Right now, it appears to be having growing pains thanks to costs increasing faster than revenues. A key reason being a huge hike in marketing, of which this Olympics deal is just part.
Airbnb has been profitable in the past: according to technology trade website The Information it made USD18m in 2018. But in the first half of this year, says the same source, Airbnb recorded a loss of USD300m in Q1 and USD100m in Q2. Revenues are still rising, up 34% in Q2 to hit USD1.2bn, but expenses are growing faster at 47% in the first half.
Airbnb was a disruptor to the travel space, notably existing OTAs such as Expedia and Booking. Whereas the latter two spend more than USD10bn generating demand, mostly via Google in performance marketing, Airbnb gets customers going directly to its website. In addition, Airbnb brought supply to the market which was not readily available elsewhere.
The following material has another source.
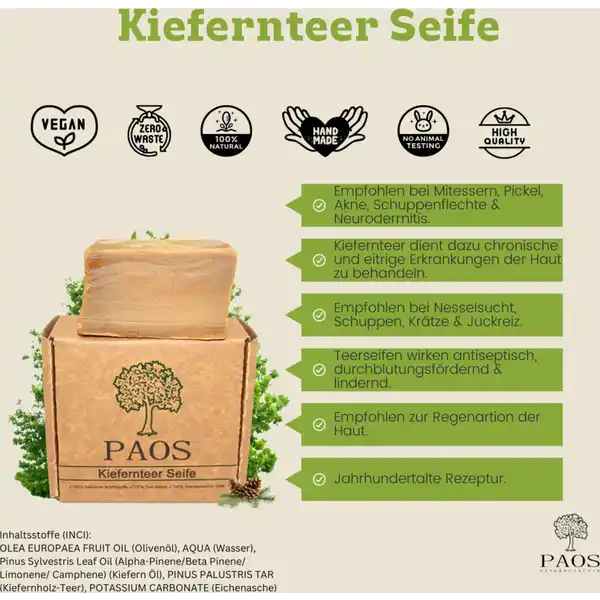 Kiefernteer Seife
Both these differentiators are wobbling a little. Airbnb is now entering the same space as the established OTAs. Its acquisition of HotelTonight was a clear signal of this and in the first half of this year it announced a new model in which property owners paid its fees, rather than guests paying most of them.
Hosts had been charged around 3% with 9% or so paid by guests. Now Airbnb is offering hosts the chance to pay a 14% fee and guests no fee. With Booking adding non-hotel accommodation at an incredible pace and Expedia expanding its own Vrbo / HomeAway offerings in the same space, Airbnb has some serious rivals. Even hoteliers are getting in on the act with Marriott and Accor being prominent examples.
The challenge for Airbnb is making its dominance of the Long Tail profitable. The small and one-off properties that populate its site are not individually big contributors. One big 200-plus room hotel is going to generate far income more than dozens of smaller hosted properties. Booking admits, for example, that hotels still contribute 90% of its income despite it having more non-hotels listed on its site than its bedrock of hotels.
The answer everyone offers is technology. And it certainly helps reduce costs in servicing these properties. But the same is true for the costs of servicing the big hotels too.
The end result of this looks to me a place where costs, notably commissions, continue to decrease for hotels and the platforms continue to struggle to make money out of non-hotels.
Opening up the textbooks to read up on the Pareto principle would suggest that for hotels the optimum focus ought to be on getting the most profitable guests to book direct and use third-parties for all the rest. It would be crazy not to take advantage of all the funny money being splashed around by the tech titans.